The fairy-tale kind of soldier’s furlough described in “The Clock” starts in Pennsylvania Station when a sweet, pretty office worker (Judy Garland) breaks a heel stumbling over the foot of a corporal (Robert Walker), who has just been driven back into the station by his first frightened impression of skyscrapers. He coaxes the girl into spending the day sightseeing with him, and that night, after they have kissed for the first time in a Central Park glade, they are given a lift into the city by a milkman (James Gleason), whom they eventually have to help through his deliveries. During the next day they lose each other in a subway rush, find each other just as the heartbroken soldier is about to return to camp, decide to marry, manage to do so just before the City Hall closes, and part at the station the next morning with the soldier on his way overseas.

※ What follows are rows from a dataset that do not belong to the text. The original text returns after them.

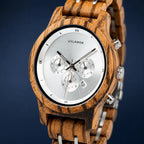 Reloj de madera para mujer Alba
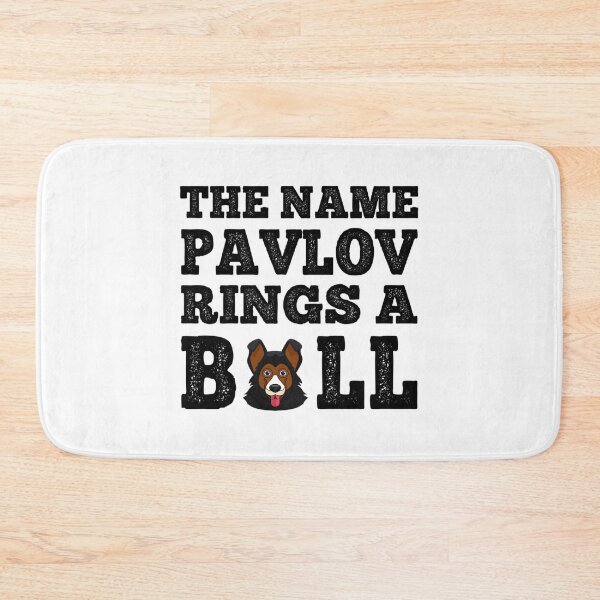 Item preview, Does the Name Pavlov Ring a Bell  psychology student  Shirt    Socks.    designed and sold by FeatherFamily.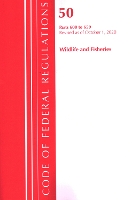 Book Cover for Code of Federal Regulations, Title 50 Wildlife and Fisheries 600-659, Revised as of October 1, 2020 by Office Of The Federal Register US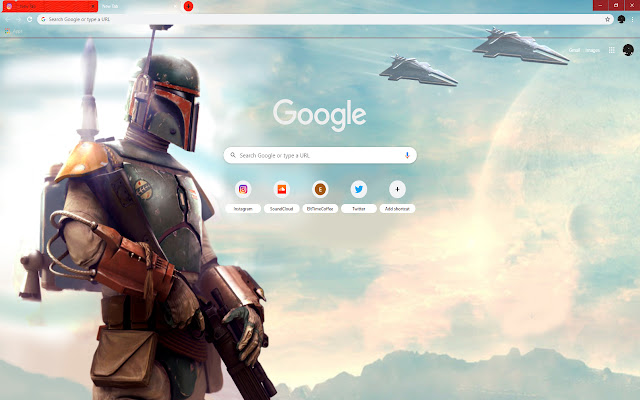 Boba Fett | The Mandalorian 2020  from Chrome web store to be run with OffiDocs Chromium online
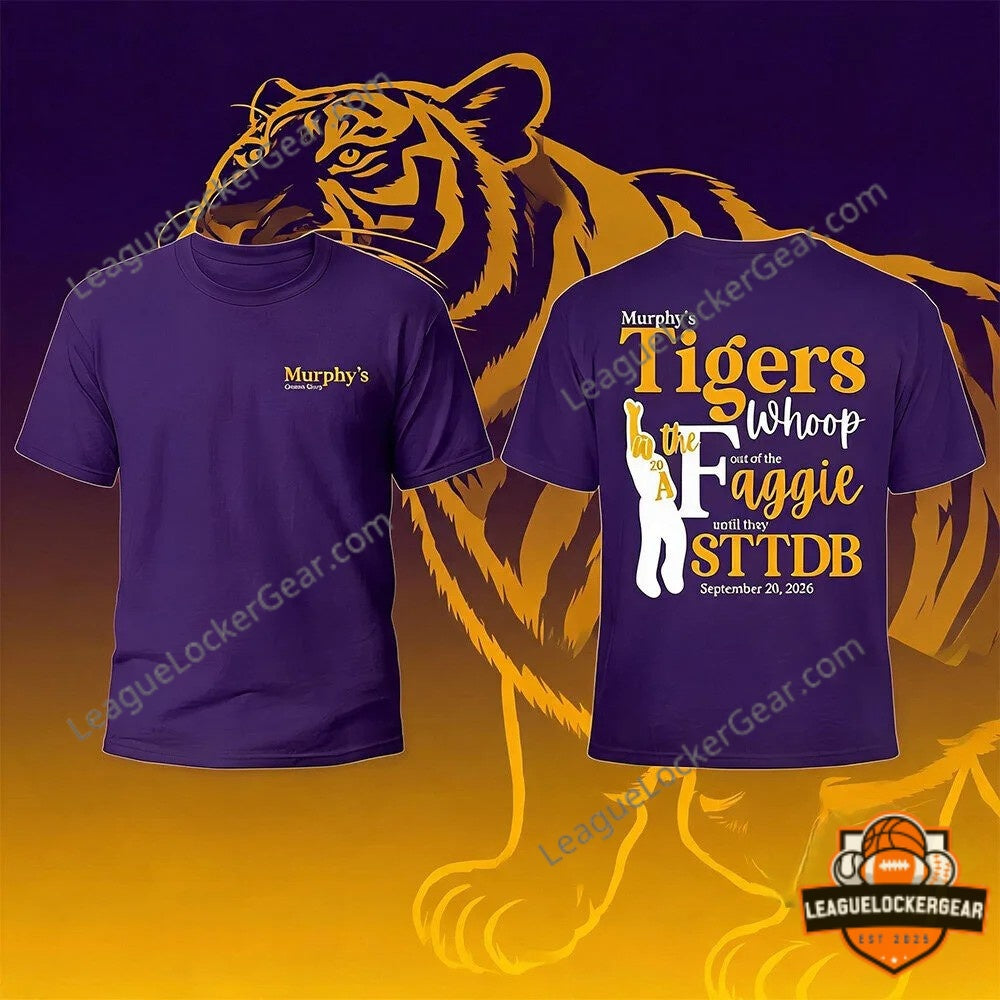 LSU Tigers Whoop the Aggie STTDB 2026 T-Shirt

The movie is dominated by the desire to be neatly pleasant and pretty, and truthful only so far as will not basically disturb the neatness, pleasantness and prettiness. The furlough without an empty, disappointing, lonely, distasteful or fearful moment is as hard to believe as is the portrait of New Yorkers as relaxed, daisy-faced, accommodating people who send champagne to soldiers in restaurants. Most of the story is the sensation-filled, laugh-hungry, coincidence-ridden affair a gag writer would invent, and probably the hardest fact to swallow is the film’s inability to show anything in its lovers that might indicate that their marriage would ever turn out to be any less blissful than their two-day courtship. Mainly because of the direction of Vincente Minelli, “The Clock,” though, is riddled as few movies are with carefully, skillfully used intelligence and love for people and for movie making, and is made with a more flexible and original use of the medium than any other recent film.

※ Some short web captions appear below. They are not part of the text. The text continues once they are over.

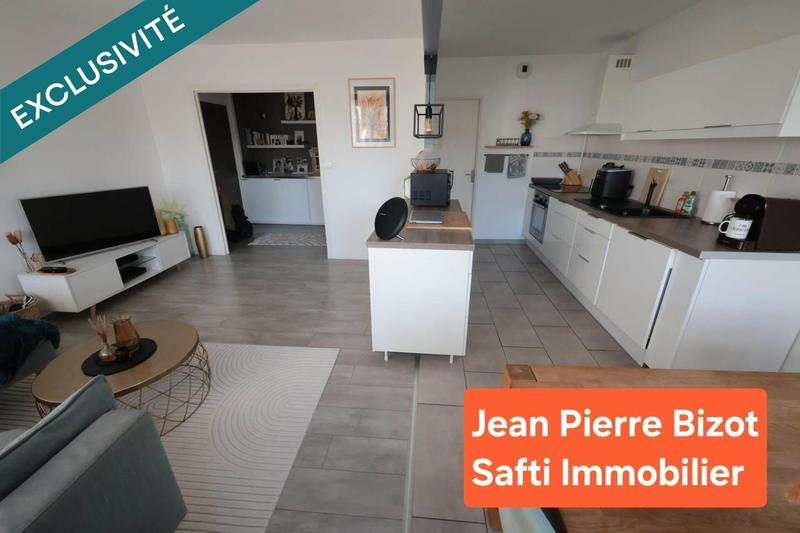 Appartement - 72 m² - 3 pièces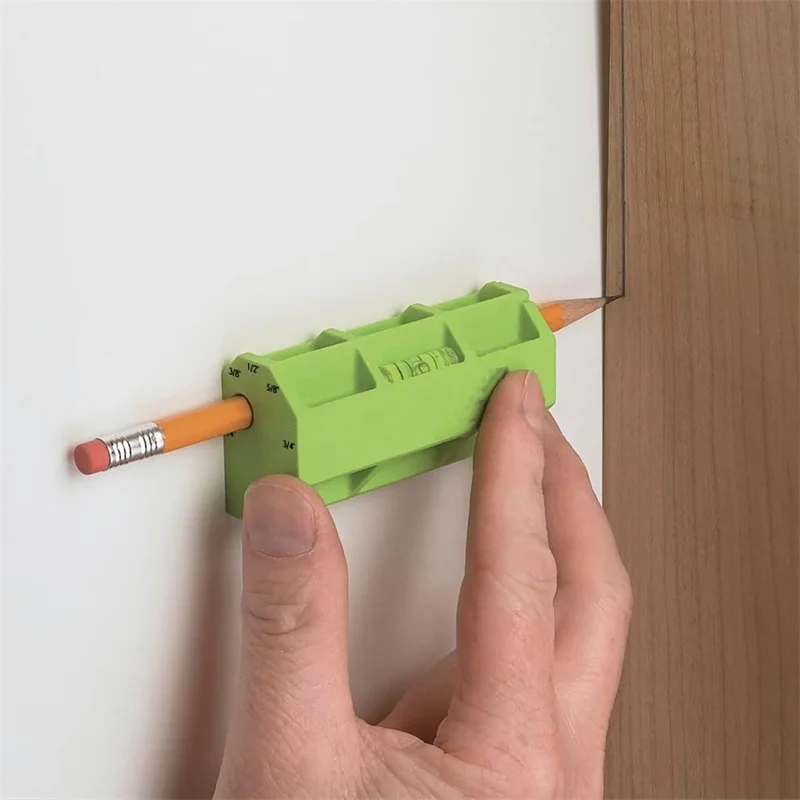 ABS Multi Margin Scriber for Carpentry, Woodworking Wardrobe Board Marking, 6/10/12/16/18/20mm Layout Designing Tool
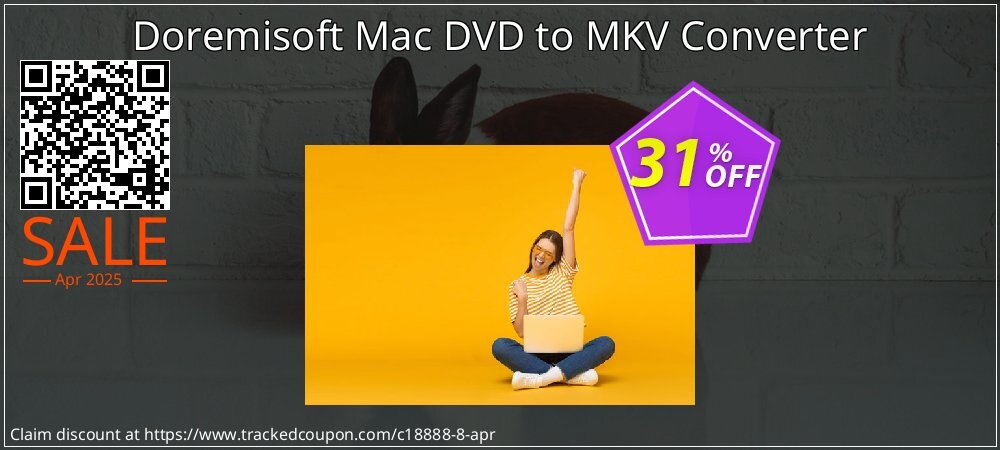 Doremisoft Mac DVD to MKV Converter coupon on Constitution Memorial Day promotions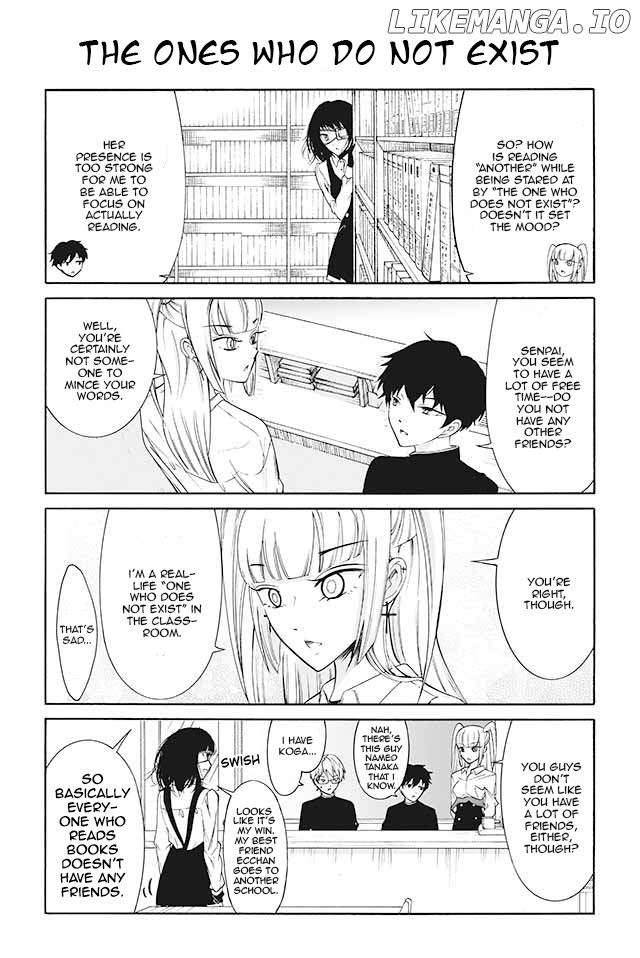 Kuzu to Megane to Bungakushojo (Nise) chapter 132 - page 1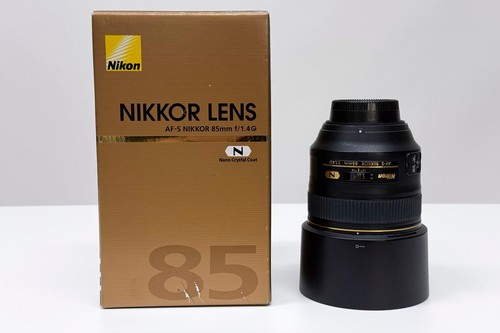 Obiettivo nikon 85mm af s - obiettivo, af-s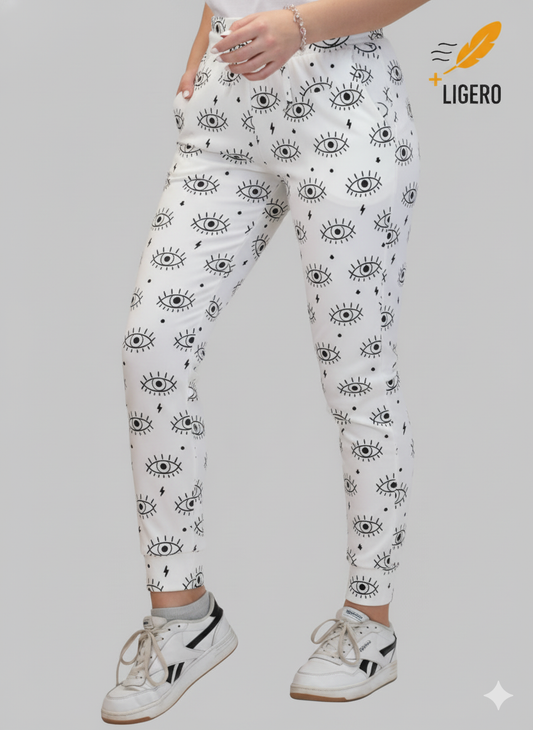 Jogger de Scrubs 6 bolsas Eyes mujer F.W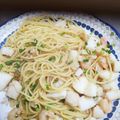 コロタイママ's cooksnap of when they made シーフードミックスで簡単バター醤油パスタ.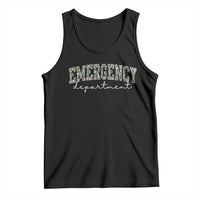 Floral Emergency Department Tank Top ER Nurse Gift - Wonder Print Shop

One of the most awesome and emotionally accurate scenes in years is the lovers’ kiss in the park, which is enlarged with so much suggestion of fatality and importance—in the slowness with which they approach each other, in the heroically stated movement toward each other, in the close-up of Walker’s face, sculptured and blocked by a fearful lighting and the grandeur of the sense with which he looks at the girl—that it projects the feeling of their love out of slightness into monumentality. A similar expansion of meaning occurs in a church scene (they have wandered in after somebody else’s wedding, and after their own in the City Hall), with the lovers reading in turn from a prayer-book that is still open at the marriage service. The scene is shot in a few protracted, leaden close-ups, and the words are weighted heavily with the lovers’ understanding of them. With the exception of some syrupy kissing expressions of Miss Garland’s, some equally lush lighting and a great deal of unforgivable music intoning the growing pains of love, the movie is unusually good in its treatment of love, sex, or both. Walker’s stroking of the girl’s hand at one point is beautifully tentative, ungainly and oppressive; the breakfast scene after the wedding night swims in a feeling of consummation.

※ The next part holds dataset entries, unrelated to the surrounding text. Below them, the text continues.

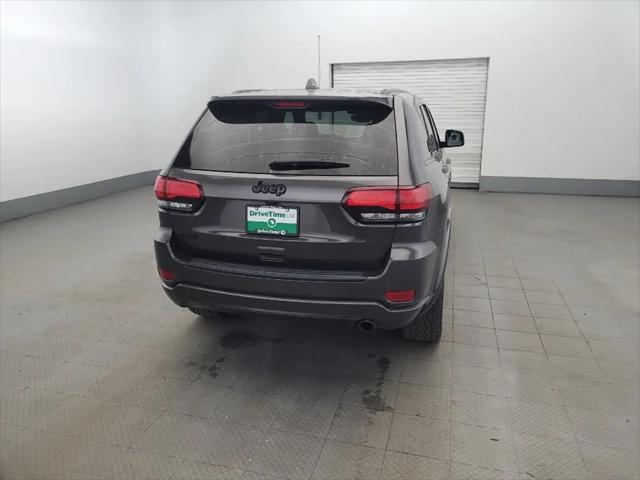 2020 Jeep Grand Cherokee Altitude 4x4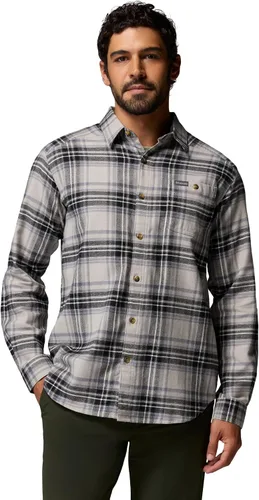 Vista 61 de Columbia Men's Cornell Woods Flannel Long Sleeve Shirt Negro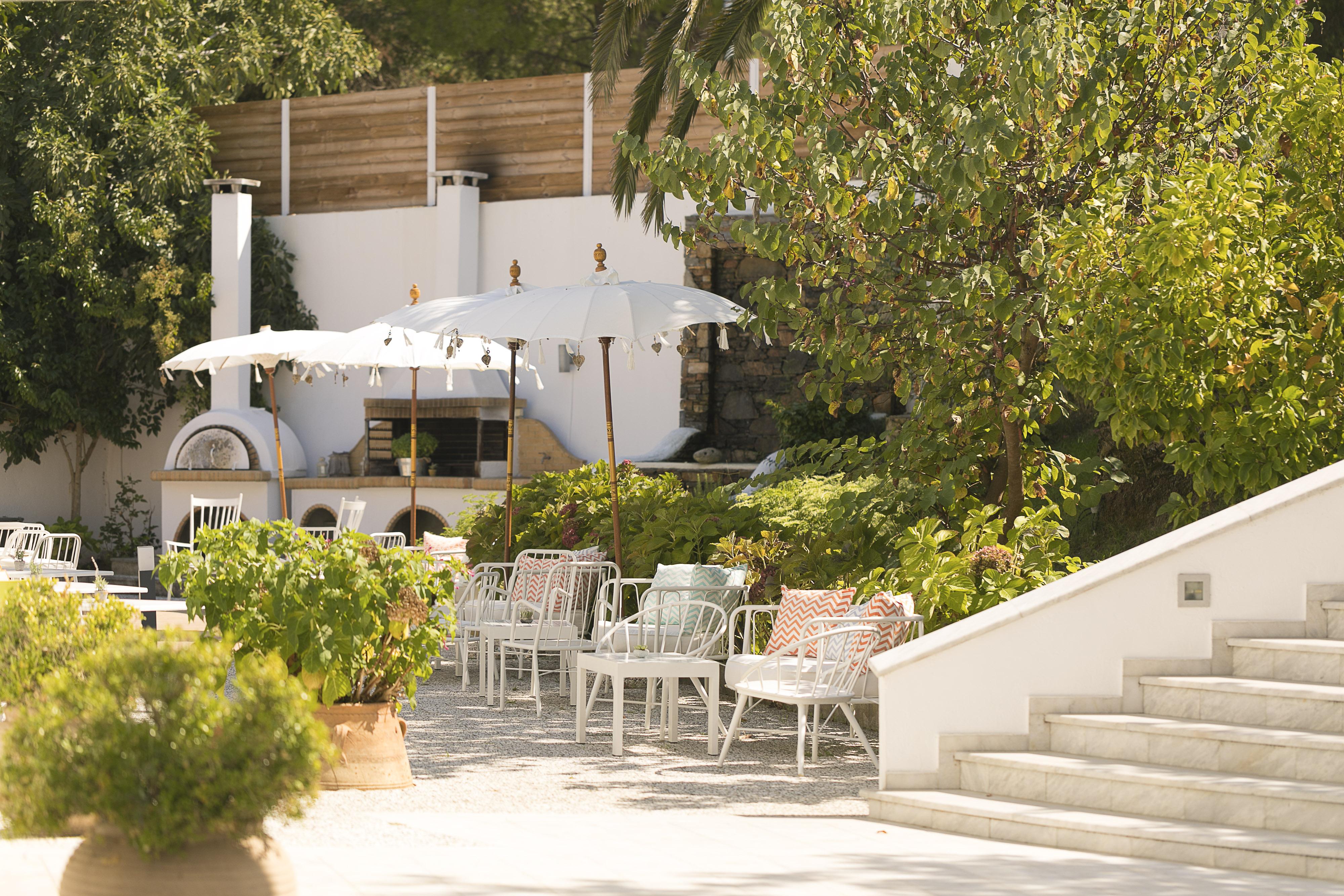Mandraki Village Boutique Hotel Koukounaries Eksteriør billede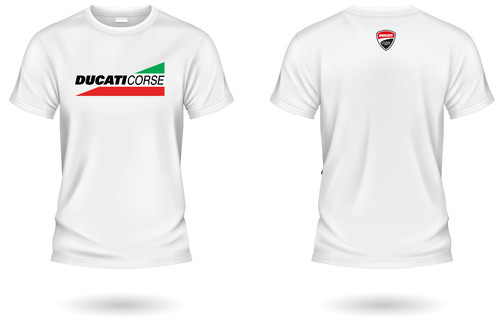 Shirt ducati tributo - t-shirt,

The movie continually mixes accurate and far less accurate images—the kind of illumination that operates in the scenes mentioned above with the most academic overexplaining and oversimplifying of movie tradition. The girl makes a nice observation in the park scene, that the city at its most quiet is never completely so, which is proved by exploding the sound track with the noises of New York’s entire transportation facilities—the elevated, two railroad systems, a police car, several ships and private automobiles. The City Hall ceremony not only moves over to the window so that the elevated can be seen running outside, but the elevated is used as noise to drown out the ceremony at the two most obvious moments. The grim let-down after the wedding, with the bride and groom trying to eat a cafeteria dinner, is played in their case as much for despair and fright and exactness as possible, while at the same time a comic eavesdropper is placed dead center in the scene and used throughout with a heavy, gag-intentioned hand. Against some of the best work yet done in Hollywood with extras, there is a scene of a Broadway sidewalk jam with people hurrying by one another like two opposing schools of fish charging in a confined space; and in contrast to all the good reactions are some like Walker’s Rip Van Winkle responses to escalators and skyscrapers.

Minnelli’s work in this, and in “Meet Me in St. Louis,” indicates that he is the most human, skillful director to appear in Hollywood in years. His films have been very soft and sweet, with individual sequences tastefully shaded, filled with sentiment, formed and smoothed to a point where they are without jaggedness or much strength, and are heavy and lush in a compact way. The emotional reactions of his characters are elaborated with unusual care and intelligence, sometimes with great subtlety and always with full roundness and definiteness. His handling of actors produces people who are unusually thoughtful, sensitive and innocent, and free of their most limiting or trademarked qualities—Miss Garland is relaxed, Walker is less boyish, Jimmy Gleason is sweetly meek (the best acting is by Miss Garland, who is often beautiful and always up to the most exacting kind of movie role, and by Lucile Gleason, who turns up a wonderful kind of violent robustness and good humor in the best bit of the year). At his best Minnelli handles crowd scenes so that they have great reality and interest, and he uses romantic photography to good dramatic purpose.